Cheever: "The Common Day," "The Enormous Radio"


            When Chris Bruce of Germany quoted a bit from John Cheever's "The Death of Justina" and asked whether any of us thought the passage representative of America (see my response at ) and beyond that indicated that he might wish to discuss other short stories from The Stories of John Cheever," I sent for a copy.  The copy I bought from Half.Com was in "as new" condition according to the seller, but when I got it I found loose pages, tears in the cover, folded pages and underlining. 

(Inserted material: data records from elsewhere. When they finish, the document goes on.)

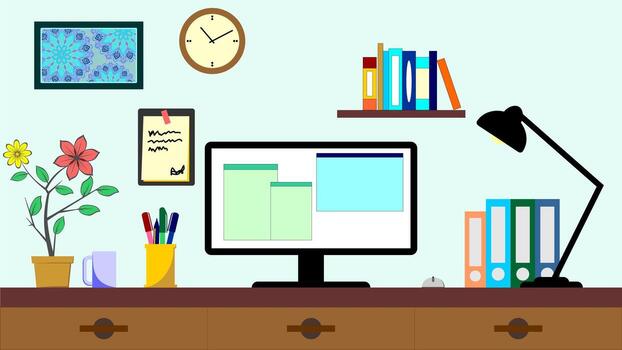 illustration of a work desk with a monitor, bookshelf, flowers, and, document folders, wall clock and more, easy to use and edit vector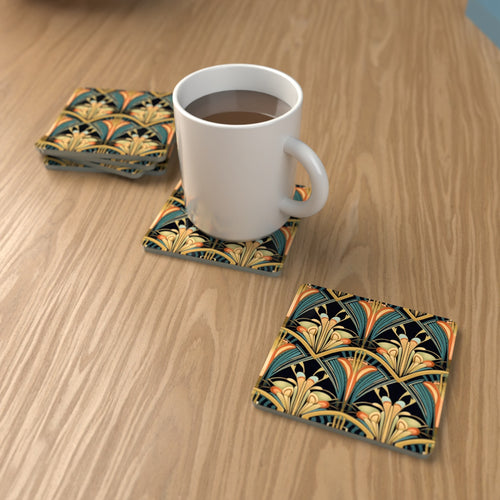Art Deco Fan Pattern Square Glass Coasters – Set of 6 – lifestyle mockup with a mug of coffee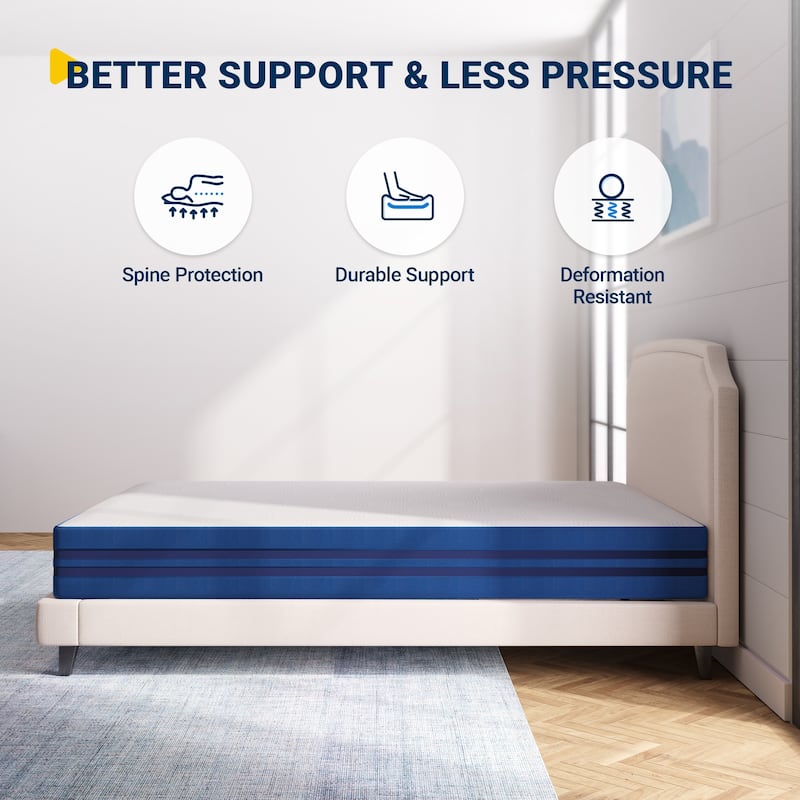 Avenco Mattress in a Box 8 Inch Bed Hybrid Mattress Gel Memory Foam and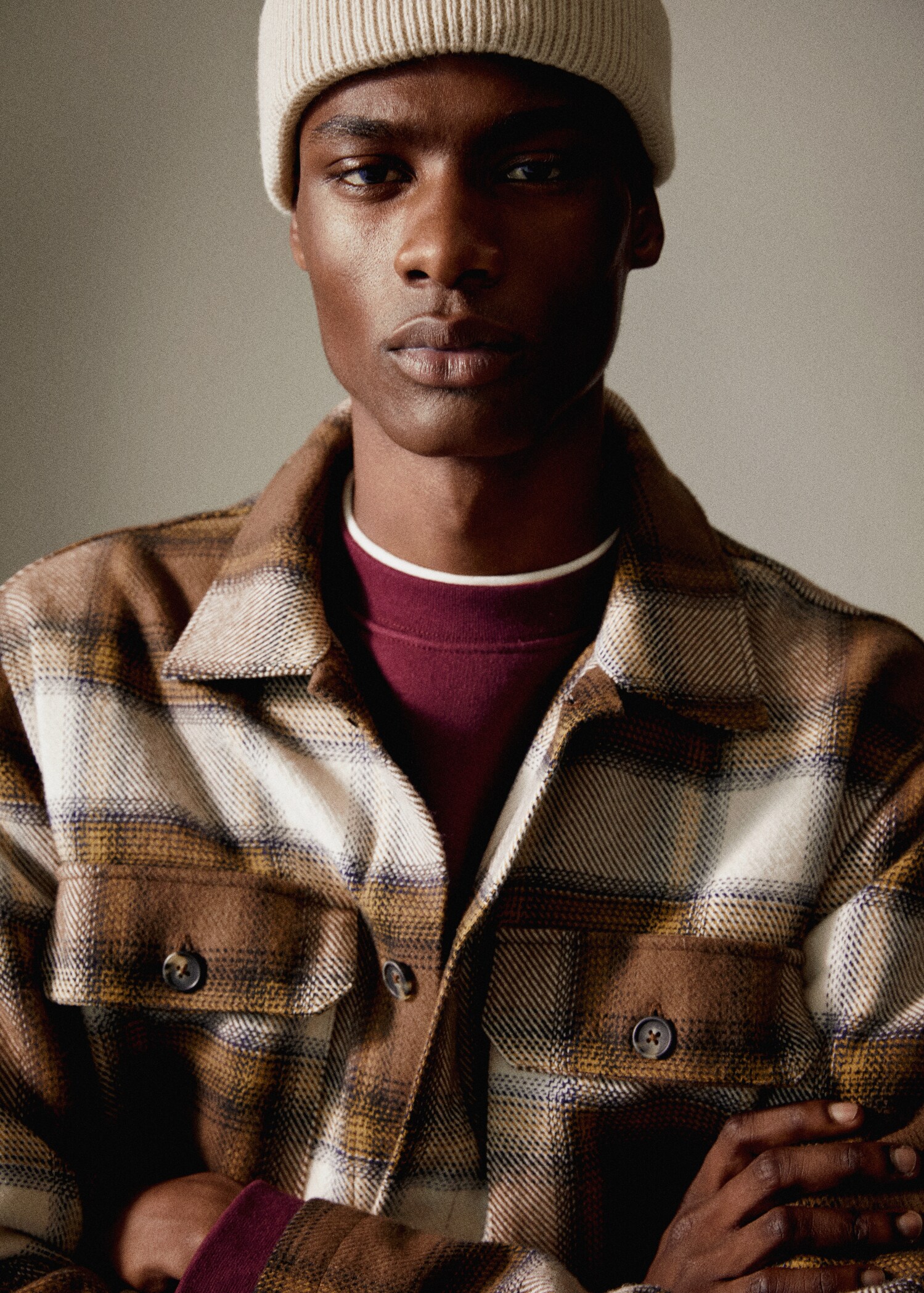 Recycled cotton check overshirt - Details of the article 5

            After reading "Goodbye, My Brother," I thought I might want a better copy, but then I read "The Common Day," and "The Enormous Radio" and decided to hold off for a while.  My crumbling copy will probably permit one reading, and that might be enough.

            "The Common Day" is a slice of life in the early, or perhaps middle part, of the New-England twentieth century (I can't tell when the story was written, but the collection was published in 1978).  The main character, Jim Brown and his wife are visiting her mother, Mrs. Garrison, at her "big house."  The servants are a strong presence and may very well offend Billy Blogblather's class consciousness except that none of them are put upon or abused.  Agnes Shay is more than commonly devoted to four-year old Carlotta.  And Jim is flattered that Nils Lund, the gardener asks his advice from time to time.  He captures and kills the creature that has been eating Nils' corn.  After Jim finds the "humpback" raccoon in a trap and shoots it, Agnes tells Carlotta that it has gone on a long long trip.  The kitchen and pantry are off limits to any non-servant and  Jim accepts that, but he does stand up to Nils when he verbally attacks Mrs. Garrison:  "I got too much to do.  Move the lilies.  Move the roses.  Cut the grass.  Every day you want something different.  Why is it?  Why are you better than me?  You don't know how to do anything but kill flowers.  I grow the flowers.  You kill them.  If a fuse burns out, you don't know how to do it.  If something leaks, you don't know how to do it.  You kill flowers.  That's all you know how to do.  For seventeen years I wait for you all winter,' he shouted.  'You write me, 'Is it warm?  Are the flowers pretty?'  Then you come.  You sit here.  You drink.  God damn you people.  You killed my wife.  Now you want to kill me.  You --'

            "'Shut up, Nils,' Jim said.

            "Nils turned quickly and retreated across the lawn, so stricken with self-consciousness that he seemed to limp.  None of them spoke, for they had the feeling, after he had disappeared behind the hedge, that he might be hiding there, waiting to hear what they would say. . . "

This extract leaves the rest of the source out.